DESCRIPTION OF THE TASK: Output the data below exactly as it is, dropping the pictures from your copy.

DATASET CONTENT:
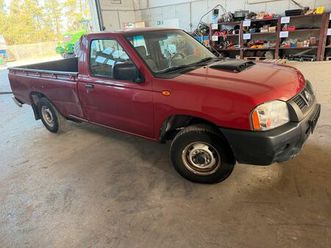 nissan np300 pick-up 2.5d klima 100tkm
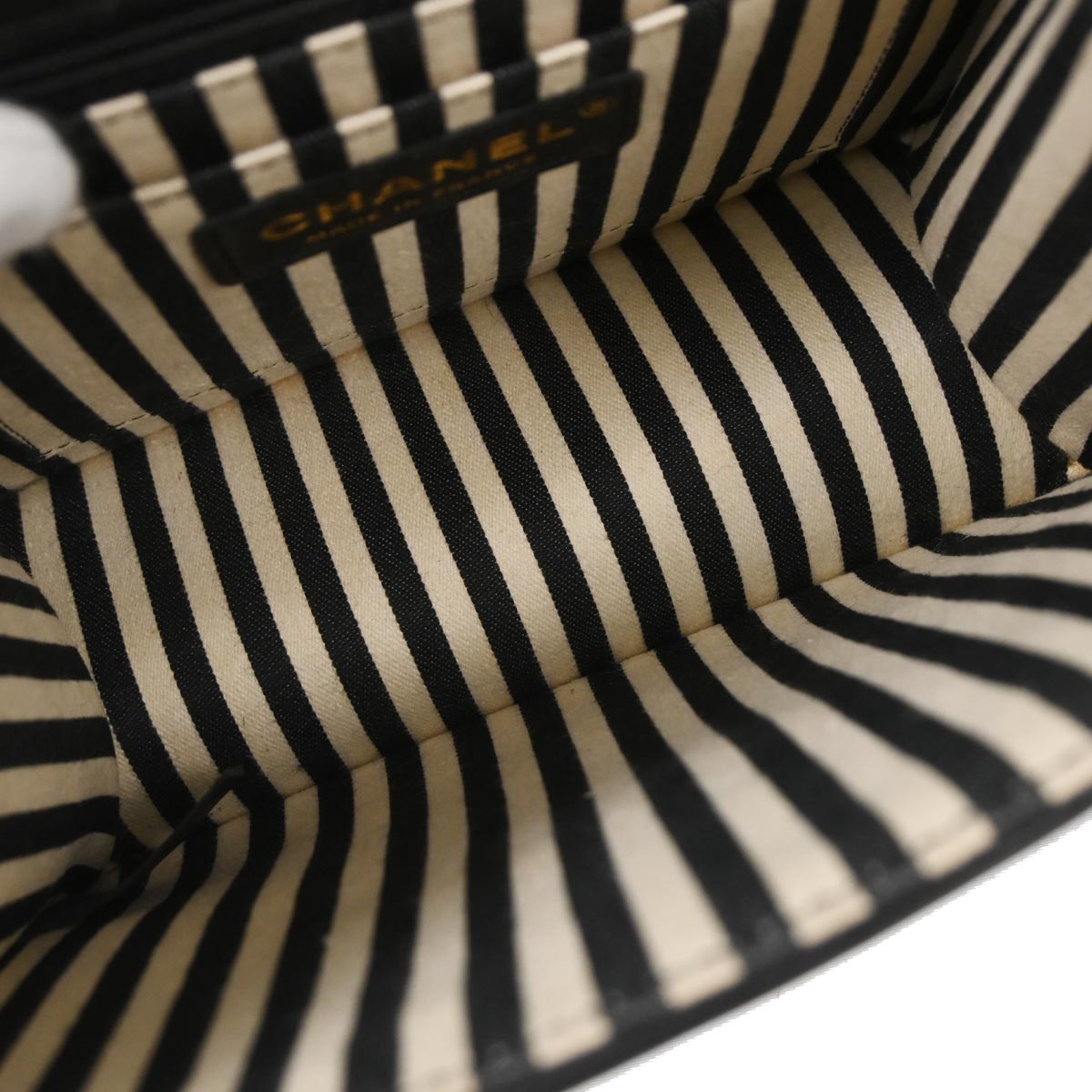 Chanel 2019 Black Calfskin Chevron Shoulder Bag
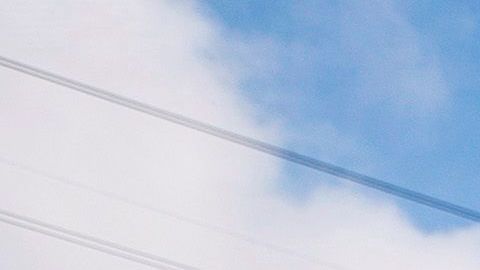 Línea de autos cerca de un banco de alimentos en Anaheim, California.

EXERCISE SOLUTION:
 nissan np300 pick-up 2.5d klima 100tkm
 Chanel 2019 Black Calfskin Chevron Shoulder Bag
 Línea de autos cerca de un banco de alimentos en Anaheim, California.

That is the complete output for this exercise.